NEMMENO il più ostinato pessimismo poteva attendersi che sarebbe durato un sol giorno lo sbigottimento e il dolore per il volto insanguinato di Silvio Berlusconi. Poche ore per sbarazzarsi, come di un ostacolo ingombrante, di ogni solidarietà umana, pensiero autocritico, reciproco invito a evitare il dissolversi di ogni legame comunitario, ad accettare una responsabilità collettiva in ordine alla promozione del bene comune.

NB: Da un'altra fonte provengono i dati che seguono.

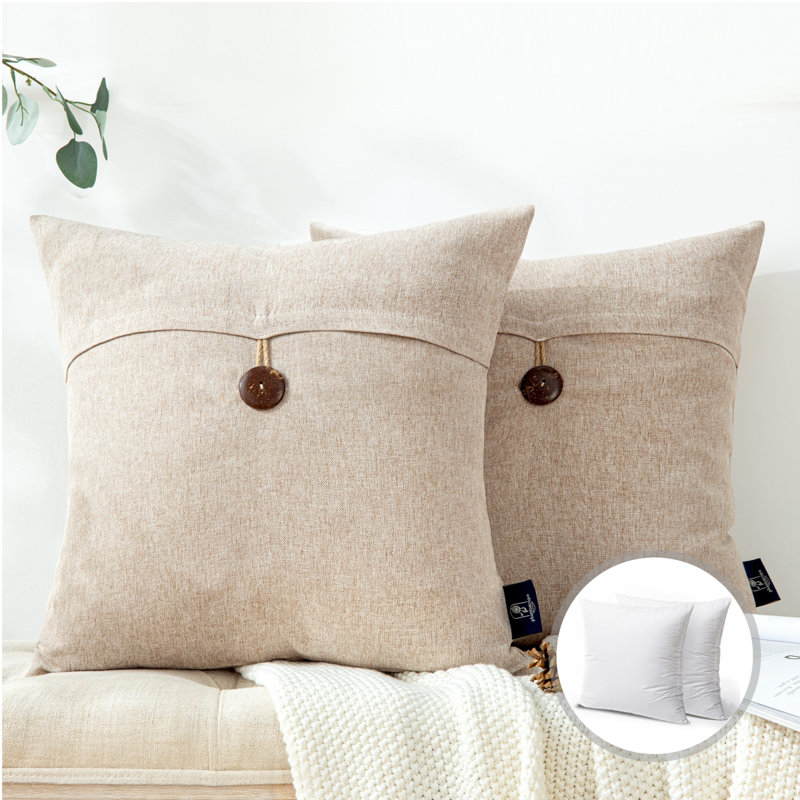 Beige Reversible Polyester Square Throw Pillow Set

Il volto di Berlusconi, contorto dalla sofferenza inflittagli dalla violenza di un matto, avrebbe potuto (e dovuto) sollecitare ciascuno di noi a sentirsi communis, "colui che condivide un carico", e tutti noi communitas allegata da un dovere, da un debito, dalla promessa di un reciproco dono (munus) che nessuno può tenere per sé. Quando è durato quest'incanto? Dieci ore, quindici? Appena i luoghi pubblici (il Parlamento, i talk-show televisivi) si sono riaperti, è ritornata la notte abitata dallo spirito di intolleranza, esclusione, violenza che appaiono il segno distintivo di questa cultura di governo. Chi ha armato la mano del matto? Chi è il mandante? Di chi è la colpa? E quindi chi deve essere sorvegliato, punito, imbavagliato, espulso? Quali sono i giornali, i giornalisti, i social network che devono ammutolirsi? Quali regole e controlli dare alle manifestazioni pubbliche? Quali sono i "padri" di quella "cultura responsabile del clima d'odio" da mettere all'indice (e c'è chi già elenca, incauto: Gobetti, Bobbio, Gramsci, Dossetti)?

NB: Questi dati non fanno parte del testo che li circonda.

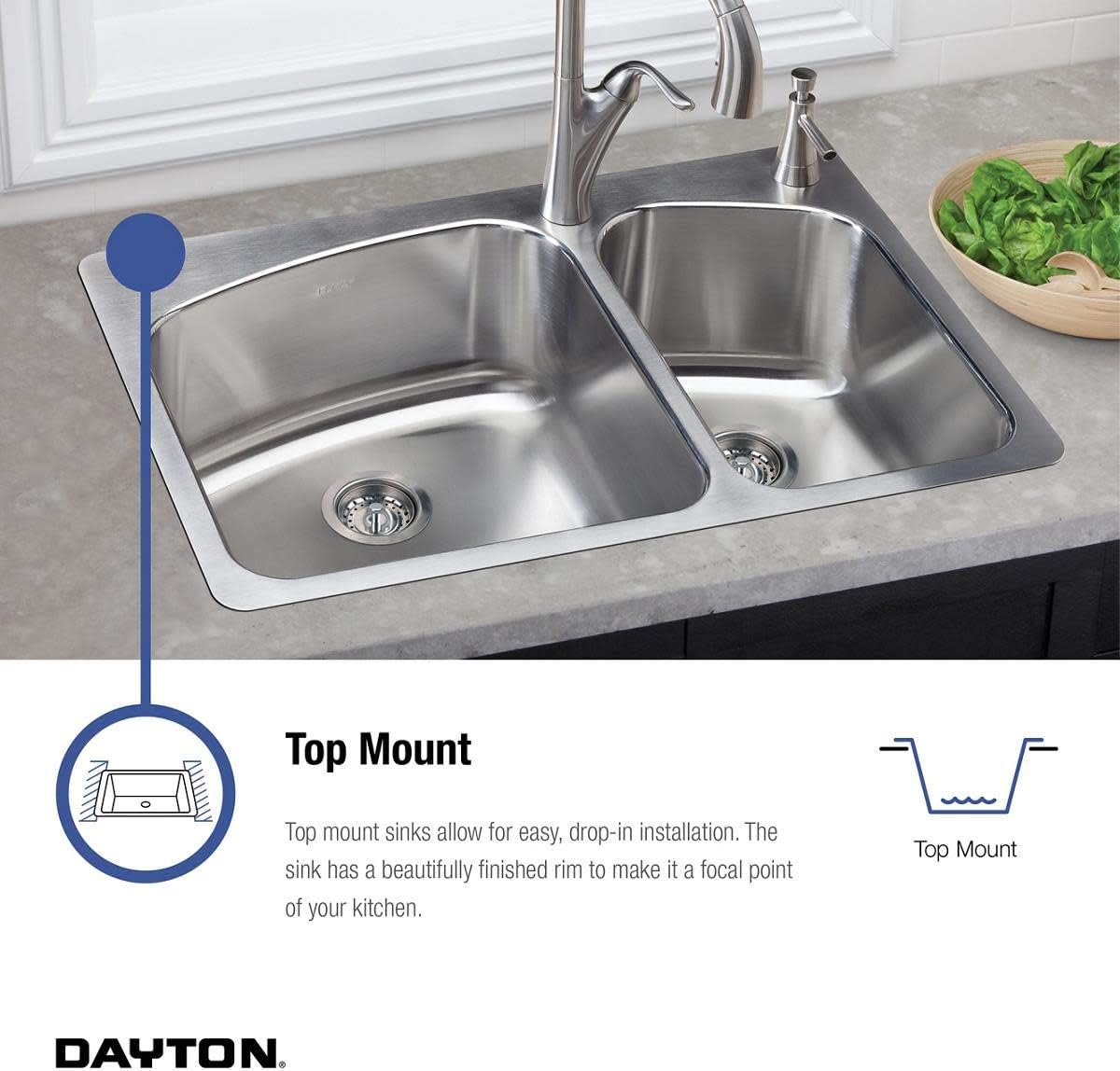Elkay DDW10233224 22 Gauge Stainless Steel Double Bowl Top Mount Kitchen Sink, 33 x 22 x 7.0625"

Sono domande che ripropongono con un'eco funesta "una lotta politica recitata come una parodia dell'eterna guerra civile". Esaltato da un rancore cieco, da un'inimicizia assoluta e irreparabile, il coro berlusconiano - animato in Parlamento da Fabrizio Cicchitto e, in Rai, da Bruno Vespa - elimina ogni differenza tra la critica legittima e l'aggressione violenta, tra il disaccordo ragionato e la destabilizzazione. Trasforma l'avversario politico in un criminale, il dissenziente in un terrorista. Il mestiere d'informare di Repubblica diventa "disegno eversivo", minaccia per il legittimo governo del Paese, un intero gruppo editoriale - il nostro - agenzia ostile all'interesse nazionale, più o meno un'association politico-criminelle.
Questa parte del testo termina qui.